Before the bottles can be automatically removed from a crate, the crate must be inspected. To do this, Sanot-MVS mounted an Impact T20 smart camera from PPT in a housing with two lateral fluorescent lamps at a vision stage before each automatic unpacking station. With a standard 16-mm lens, the 640 × 480-pixel resolution of the camera captures images of the crates as they pass under the inspection station at 60 frames/s.

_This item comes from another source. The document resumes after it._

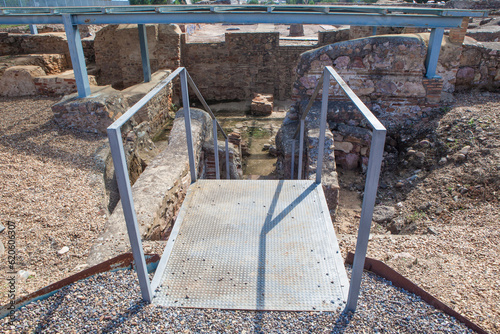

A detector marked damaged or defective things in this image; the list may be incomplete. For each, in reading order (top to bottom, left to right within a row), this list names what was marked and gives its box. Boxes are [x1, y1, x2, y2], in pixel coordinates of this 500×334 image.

rusted steel border [0, 252, 159, 320]
rusty metal edging strip [0, 252, 159, 320]
rusted steel border [348, 252, 488, 334]
rusty metal edging strip [348, 252, 488, 334]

To check for presence or absence of bottles, Sanot-MVS engineers programmed the T20 smart camera using PPT Vision’s Inspection Builder software. “Because each T20 features an on-board PowerPC and Ethernet interface,” says Christenson, “it is possible to program machine-vision functions on a PC and download the program for execution.” And because many plant production managers want to remotely monitor images taken by the cameras, the subsampling function within Inspection Builder allows images to be resampled and transmitted over the Ethernet for remote system monitoring. “When multiple cameras are being used in multiple productions lines,” says Christenson, “this is a very important feature.”

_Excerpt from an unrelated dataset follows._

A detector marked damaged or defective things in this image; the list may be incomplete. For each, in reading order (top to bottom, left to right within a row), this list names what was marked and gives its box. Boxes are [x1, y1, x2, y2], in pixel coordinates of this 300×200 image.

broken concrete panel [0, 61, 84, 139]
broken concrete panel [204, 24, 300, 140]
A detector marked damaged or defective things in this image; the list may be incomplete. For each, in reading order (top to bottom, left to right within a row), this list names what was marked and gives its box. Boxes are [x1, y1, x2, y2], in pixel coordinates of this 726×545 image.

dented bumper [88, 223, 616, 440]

After images are captured by the T20 camera, a morphological erosion and dilation operation is performed on each image to reduce the amount of specular reflection seen as noise (or white pixels) within each image. After this process, a blob count is performed to check for the presence or absence of bottles. “By defining the green areas as blobs,” says Christenson, “and then using a blob filter, the smart camera computes whether a bottle is present or absent from the crate. At the same time, if the blob counter detects a blob that is too large, then a possible contaminant may have been introduced into the crate.”

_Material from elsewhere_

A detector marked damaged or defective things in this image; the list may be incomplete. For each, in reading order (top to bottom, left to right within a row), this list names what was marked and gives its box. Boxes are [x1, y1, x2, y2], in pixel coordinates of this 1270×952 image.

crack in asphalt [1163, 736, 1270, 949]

After building the machine-vision inspection software, Sanot-MVS understood that its customer would require an easy-to-use screen for its operators. The company used Control Panel Manager (CPM) software, also from PPT, to customize the user interface. “CPM is a human-machine interface that system developers can use as a GUI builder,” says Christenson. “As such, it can be implemented much faster than Microsoft Visual Basic or C++ interfaces, saving both time and money.”

Crates checked for the correct number of bottles and lack of any foreign objects then pass to the automatic unpacking station. Should a crate not be filled properly or possess contaminants, the T20 smart camera triggers a PLC from Rockwell Automation/Allen-Bradley (Milwaukee, WI, USA; www.ab.com) that, in turn, controls a reject mechanism that directs the crate to another conveyor where it can be manually inspected and properly filled.

To automate the inspection stations at Empresas Polar’s Caracas facility, Sanot-MVS interfaced all nine cameras using Ethernet to a fiberoptic switch. “This switch interfaces to both multiple PLCs on the production line and to a host PC that monitors all nine cameras in real time as crates pass under each of the inspection stations. “Better still,” says Christenson, “should any reprogramming of the cameras be required, this can be done remotely by addressing each of the camera’s IP addresses and downloading new machine-vision algorithms over Ethernet.”